BALANCE SHEET HIGHLIGHTS

Assets
Total assets were $15.51 billion at March 31, 2026, a decrease of $123.5 million, or 0.79%, compared to total assets of $15.63 billion at December 31, 2025. The decrease in assets was primarily attributable to an $116.3 million decrease in investment securities and a $55.9 million decrease in total loans, offset by a $44.9 million increase in interest-earning balances due from the Federal Reserve.

Total assets at March 31, 2026 increased by $251.0 million, or 1.65%, compared to total assets of $15.26 billion at March 31, 2025. The increase in assets was primarily driven by an increase of $279.7 million in total loans.

Investment Securities
Total investment securities were $4.84 billion at March 31, 2026, a decrease of $116.3 million, or 2.35%, from $4.95 billion at December 31, 2025, and a decrease of $57.1 million, or 1.17%, from $4.89 billion at March 31, 2025.

At March 31, 2026, investment securities held-to-maturity (“HTM”) totaled $2.25 billion, a decrease of $22.4 million, or 0.98%, from December 31, 2025, and a decrease of $111.1 million, or 4.71%, from March 31, 2025.

At March 31, 2026, investment securities available-for-sale totaled $2.59 billion, inclusive of a pre-tax net unrealized loss of $310.4 million.

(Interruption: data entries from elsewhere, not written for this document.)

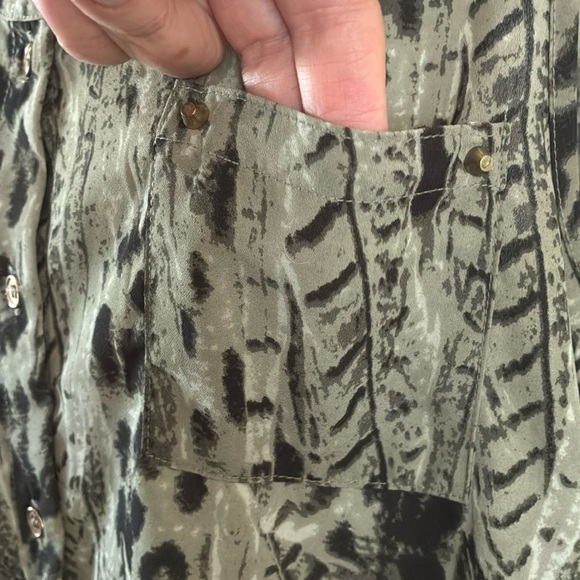 EDGE leopard print Blouse, sage green/black, sleeveless, button front. L EUC - Picture 6 of 17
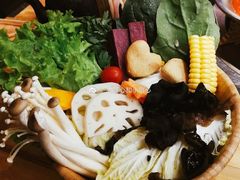 -湊湊火锅·茶憩(打浦桥日月光店)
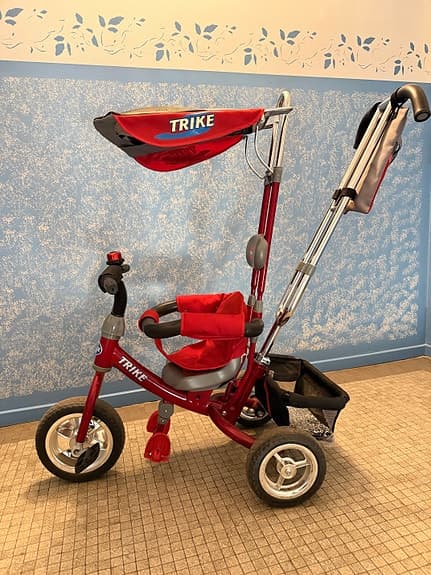 Trike Barncykel Röd med Solskydd och Korg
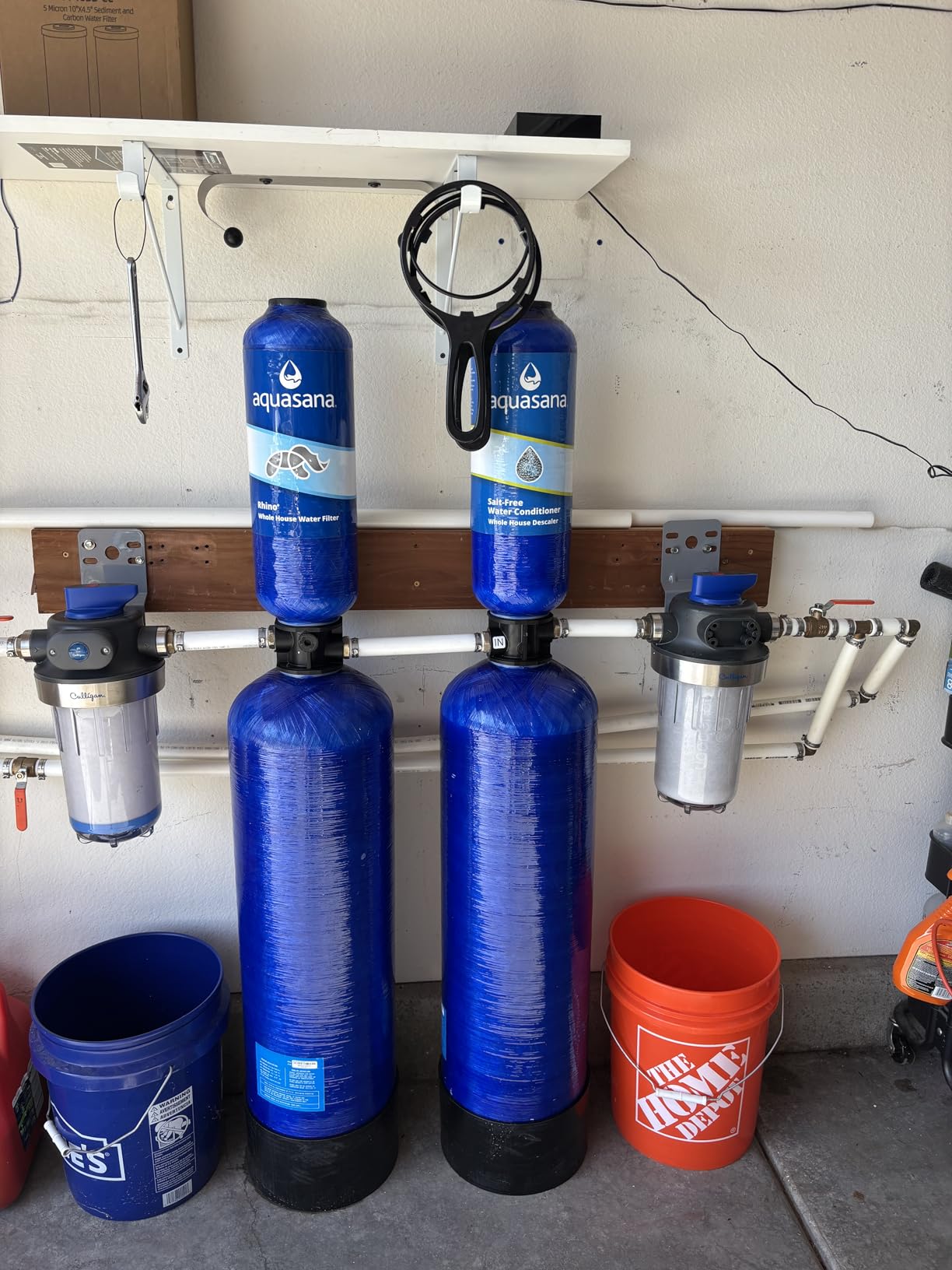 Aquasana Whole House Max Flow Water Filter | 1,000,000 Gallons | Salt-Free Softener Alternative | Carbon & KDF | Long-Lasting Pre-Filter | Reduce 97% Chlorine, Sediment & Scale | Rhino WH-1010-CT-LM customer photo 1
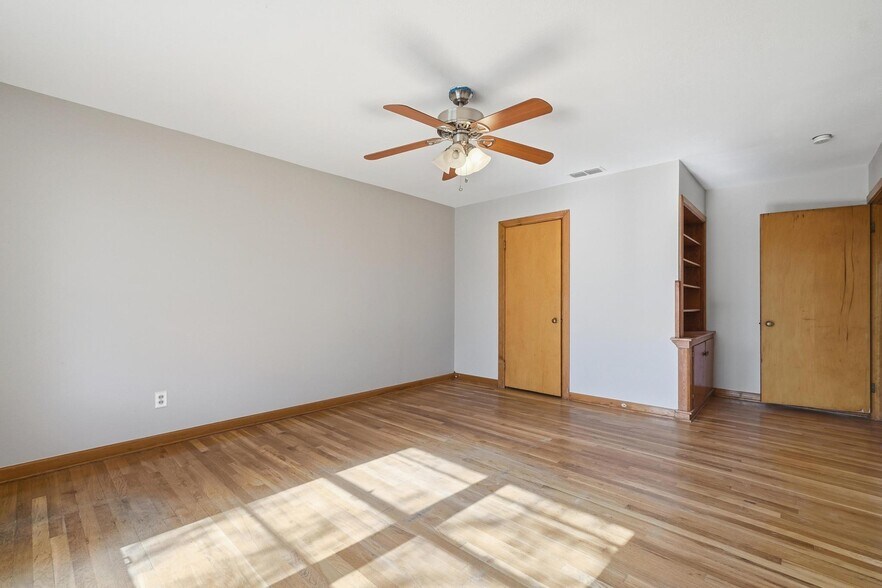 Building Photo - 134 Meander St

AFS securities decreased by $94.0 million, or 3.50% from December 31, 2025, and increased by $54.1 million, or 2.13%, from $2.54 billion at March 31, 2025. The pre-tax net unrealized loss at March 31, 2026 increased by $2.6 million from December 31, 2025 and decreased by $78.1 million from March 31, 2025, primarily due to the sale of AFS securities in the second half of 2025.

Loans
Total loans and leases, at amortized cost, of $8.64 billion at March 31, 2026 decreased by $55.9 million, or 0.64%, from $8.70 billion at December 31, 2025 and increased by $279.7 million, or 3.34%, from $8.36 billion at March 31, 2025. The decrease from December 31, 2025 was primarily due to a decrease of $114 million in dairy & livestock loans associated with the seasonal increase that occurs every calendar year end. Excluding the seasonal decline in dairy & livestock loans, loans grew by $58 million from the end of 2025. This increase was driven by increases of $56.8 million in commercial real estate loans, $21.5 million in construction loans, and $9.3 million in Small Business Administration (“SBA”) loans, which were partially offset by decreases of $21.4 million in commercial and industrial loans and $3.6 million in single-family residential (“SFR”) mortgage loans.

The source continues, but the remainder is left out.